**WHAT THE TASK ASKS**
For the entries below, the expected answer is the line with "Undocumented Feature Professional", the line with "ILIFE V8s Robot", and every line between them, exactly as written, and nothing more.

◆ ◆ ◆

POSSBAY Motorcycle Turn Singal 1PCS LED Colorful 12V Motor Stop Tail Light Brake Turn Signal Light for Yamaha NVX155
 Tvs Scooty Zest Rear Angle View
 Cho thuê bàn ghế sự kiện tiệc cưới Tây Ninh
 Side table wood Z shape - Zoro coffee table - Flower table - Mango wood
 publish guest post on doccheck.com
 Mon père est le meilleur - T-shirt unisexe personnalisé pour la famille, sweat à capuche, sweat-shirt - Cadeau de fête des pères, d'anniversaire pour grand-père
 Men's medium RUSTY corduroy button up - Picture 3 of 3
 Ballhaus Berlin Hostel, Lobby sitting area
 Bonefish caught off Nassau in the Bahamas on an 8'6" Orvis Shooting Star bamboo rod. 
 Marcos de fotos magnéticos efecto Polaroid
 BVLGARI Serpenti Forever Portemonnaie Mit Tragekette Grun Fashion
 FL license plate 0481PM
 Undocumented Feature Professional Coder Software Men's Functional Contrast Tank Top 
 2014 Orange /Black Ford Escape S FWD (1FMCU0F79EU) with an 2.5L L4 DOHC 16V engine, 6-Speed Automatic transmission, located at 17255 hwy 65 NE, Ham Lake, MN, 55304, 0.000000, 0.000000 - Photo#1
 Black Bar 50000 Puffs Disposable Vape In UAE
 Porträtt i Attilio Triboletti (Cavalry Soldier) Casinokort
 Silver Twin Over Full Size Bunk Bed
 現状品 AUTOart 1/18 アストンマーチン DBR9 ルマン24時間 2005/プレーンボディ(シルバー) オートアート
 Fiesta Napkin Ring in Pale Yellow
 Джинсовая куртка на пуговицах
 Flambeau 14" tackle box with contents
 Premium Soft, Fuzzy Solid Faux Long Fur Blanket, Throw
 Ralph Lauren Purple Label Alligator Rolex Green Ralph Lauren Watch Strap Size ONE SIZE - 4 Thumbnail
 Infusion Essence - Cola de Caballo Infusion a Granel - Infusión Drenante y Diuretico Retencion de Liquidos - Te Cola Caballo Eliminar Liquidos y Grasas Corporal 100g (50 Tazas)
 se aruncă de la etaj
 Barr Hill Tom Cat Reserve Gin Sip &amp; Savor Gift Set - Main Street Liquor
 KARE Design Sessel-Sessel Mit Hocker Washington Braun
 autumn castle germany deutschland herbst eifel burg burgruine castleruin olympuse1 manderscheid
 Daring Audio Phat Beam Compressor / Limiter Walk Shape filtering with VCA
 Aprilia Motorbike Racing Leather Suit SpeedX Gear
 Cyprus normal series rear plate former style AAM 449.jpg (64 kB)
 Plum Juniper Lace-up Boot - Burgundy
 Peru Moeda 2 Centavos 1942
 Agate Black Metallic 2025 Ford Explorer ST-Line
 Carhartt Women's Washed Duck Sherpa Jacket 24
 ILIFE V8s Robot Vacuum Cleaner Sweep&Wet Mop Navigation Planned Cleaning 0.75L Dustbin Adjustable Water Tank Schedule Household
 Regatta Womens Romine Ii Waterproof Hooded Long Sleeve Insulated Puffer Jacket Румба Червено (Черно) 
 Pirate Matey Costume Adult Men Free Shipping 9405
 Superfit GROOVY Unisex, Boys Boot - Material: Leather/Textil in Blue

◆ ◆ ◆

**OUTPUT OF THE EXERCISE**
 Undocumented Feature Professional Coder Software Men's Functional Contrast Tank Top 
 2014 Orange /Black Ford Escape S FWD (1FMCU0F79EU) with an 2.5L L4 DOHC 16V engine, 6-Speed Automatic transmission, located at 17255 hwy 65 NE, Ham Lake, MN, 55304, 0.000000, 0.000000 - Photo#1
 Black Bar 50000 Puffs Disposable Vape In UAE
 Porträtt i Attilio Triboletti (Cavalry Soldier) Casinokort
 Silver Twin Over Full Size Bunk Bed
 現状品 AUTOart 1/18 アストンマーチン DBR9 ルマン24時間 2005/プレーンボディ(シルバー) オートアート
 Fiesta Napkin Ring in Pale Yellow
 Джинсовая куртка на пуговицах
 Flambeau 14" tackle box with contents
 Premium Soft, Fuzzy Solid Faux Long Fur Blanket, Throw
 Ralph Lauren Purple Label Alligator Rolex Green Ralph Lauren Watch Strap Size ONE SIZE - 4 Thumbnail
 Infusion Essence - Cola de Caballo Infusion a Granel - Infusión Drenante y Diuretico Retencion de Liquidos - Te Cola Caballo Eliminar Liquidos y Grasas Corporal 100g (50 Tazas)
 se aruncă de la etaj
 Barr Hill Tom Cat Reserve Gin Sip &amp; Savor Gift Set - Main Street Liquor
 KARE Design Sessel-Sessel Mit Hocker Washington Braun
 autumn castle germany deutschland herbst eifel burg burgruine castleruin olympuse1 manderscheid
 Daring Audio Phat Beam Compressor / Limiter Walk Shape filtering with VCA
 Aprilia Motorbike Racing Leather Suit SpeedX Gear
 Cyprus normal series rear plate former style AAM 449.jpg (64 kB)
 Plum Juniper Lace-up Boot - Burgundy
 Peru Moeda 2 Centavos 1942
 Agate Black Metallic 2025 Ford Explorer ST-Line
 Carhartt Women's Washed Duck Sherpa Jacket 24
 ILIFE V8s Robot Vacuum Cleaner Sweep&Wet Mop Navigation Planned Cleaning 0.75L Dustbin Adjustable Water Tank Schedule Household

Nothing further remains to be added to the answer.